Cities will eventually become a part of just about every campaign. Cities are important to D&D campaigns because they are centers of population, so naturally, they would be where players would go to do things such as seek out information, buy or sell items, and meet powerful figures in the political landscape.
Cities are typically daunting tasks for DMs to prep because of how much is going on in any city at a given time. If your players are off wandering the wilderness or crawling through a dungeon, you could get away with having a couple of random encounters planned and let the players do the rest. However, cities are full of NPCs and things to interact with. If your player wants to go find a Thieves’ Guild or talk to the ruler of the city and you haven’t planned for it, you could get into some flustered improvisation.
This guide is going to tackle how you can go about creating cities for your game in the most effective way possible so you don’t have to be stressed out by the sheer thought of taking your players to a populated area.

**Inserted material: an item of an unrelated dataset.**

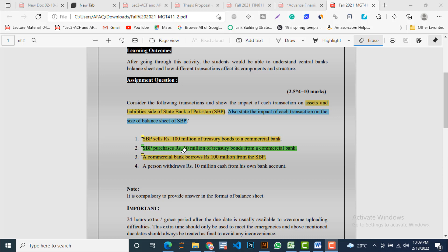The second transaction: SBP purchases Rs.10 million of treasury bonds from a commercial bank — again a kind of OMO open market operations transaction. The third transaction: a commercial bank borrows Rs.100 million from SBP. The situation is different here; a commercial bank has approached SBP to get a loan. There are two kinds of loans a commercial bank can take from the State Bank of Pakistan — one is a discount loan and the other is a float — but specifically I am going to take into account the discount loan for this transaction.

In this article, we will be referring to “cities” a lot. This will be used as a general term to encompass small villages all the way up to a metropolis.
Planning Your City
Before you start drawing your city or writing down the various districts it will have, it’s always good to plan the purpose of your city, the external factors that are impacting your city, and the internal factors that are affecting its population.
Figuring out the city’s purpose is the single most important thing you can do when planning a city. Before you write down which shops are going to be available or the punny name of the tavern, make sure you know full and well what your city is accomplishing.
Is your city just a rest stop on a larger road trip? Is your city going to be attacked by a dragon? Starting with why will ensure you are able to include the right pieces in your city’s preparation and not get sidetracked writing a quest hook for each NPC.
External Factors Affecting the City
Once you have figured out why your city is being included in the campaign, you have to figure out where your city fits into the campaign.
Geography is important when it comes to cities. Even in today’s day and age, most major populated areas are close to a water source and are located on major trade routes. It’s hard to have a massive number of people together when there is no water and no way to get food.
Another thing to take into consideration are the ramifications of your campaign’s events on the city.
If your campaign focuses around a dark lord amassing an army to overthrow the current political system, it will likely have noticeable impacts on the general population. Maybe the city is packed with refugees because the countryside is no longer safe? Would the city have enough space and food stores for the increased demands of its people?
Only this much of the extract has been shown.